One potential area of compromise between Pelosi and half her caucus: She can argue the investigations of Trump that are already going on are akin to investigating impeachment without actually using the politically polarizing “i” word. A lawsuit filed by the House Judiciary Committee to get the full Mueller report actually says they need the information for an impeachment investigation, leading some legal scholars to conclude an impeachment inquiry has already started under the radar.
Some members of Congress are trying to get that word out. “In every meaningful way, our investigation is an impeachment inquiry,” Rep. Ted Deutch (D-Fla.), a member of the Judiciary Committee, wrote in an op-edpublished Thursday by the South Florida Sun-Sentinel.
Even if it goes no further than this symbolic majority-support milestone, this moment will be a bullet point in the history of Trump’s presidency. But there’s a real chance it doesn’t go further than this.
If anything, I would argue that the fact that the number of Democrats calling for impeachment has crossed the halfway mark is far less meaningful than meets the eye. Unless the number gets much larger than that, we’re likely to continue to see Speaker Nancy Pelosi take the position that she has unless and until it gets to the point where she’s effectively standing alone in opposition to a caucus that is overwhelmingly in favor of making the move toward impeachment. That’s unlikely to occur for several reasons, including the fact that most of the undecided members of the Democratic caucus come from the districts that were won in the 2018 election. Many of these include districts that President Trump won in the 2016 election, meaning that they will be difficult for Democrats to hold onto in 2020. Unless and until those members start turning in favor of impeachment in large numbers, Pelosi is likely to approach the issue conservatively and cautiously. From a political point of view, this is exactly what should be doing.
In addition to this, Pelosi is most likely well aware of where the American public is on this issue. Polling has consistently shown that most Americans remain opposed to impeachment, something that we have seen in the polls for months now. As I’ve said before, these polls amplify the political risk that Democrats would be taking if they move forward with impeachment. Even if a majority of the House votes to impeach, something that would only require the votes of 218 of the 235 Democrats in the House, or 217 if you also count the probable yes vote of Justin Amash, the former Republican turned Independent who previously endorsed the President’s impeachment, it’s basically guaranteed that the Senate will not vote to convict and remove the President. This would likely play to the President’s political benefit on the en eve of the 2020 election, and if it happens in a political environment where most Americans don’t believe impeachment should take place then it could backfire on Democrats just as they are trying to pull off the political trifecta of winning back the White House, keeping control of the House, and winning control of the Senate. Accomplishing that will be hard enough without the millstone of going against public opinion added to it.

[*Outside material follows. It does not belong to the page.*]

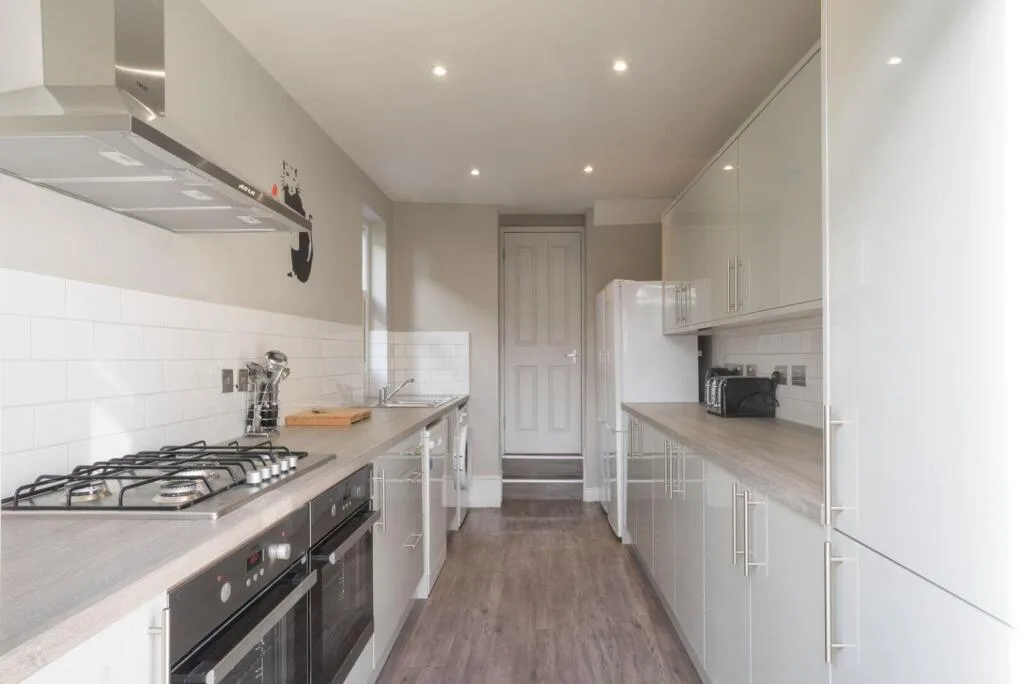 6 bedroom terraced house for rent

For these reasons, I continue to believe that Pelosi is playing this correctly. She’s letting the investigations by the House Judiciary Committee, the House Oversight Committee, and other committees move forward, but she’s stopping short of endorsing the formal opening of an impeachment inquiry. This allows the relevant committees to continue gathering evidence that could be used as apart of such an inquiry without locking House Democrats into that lane. If the evidence justifies it, and if public opinion on the issue changes, then she may change her position. Alternatively, she may argue at the end of that process that we’re so close to the 2020 election that it is impractical to proceed with impeachment. For now, though, it’s best to play this close to the vest notwithstanding the loud voices inside the Democratic Party calling for impeachment.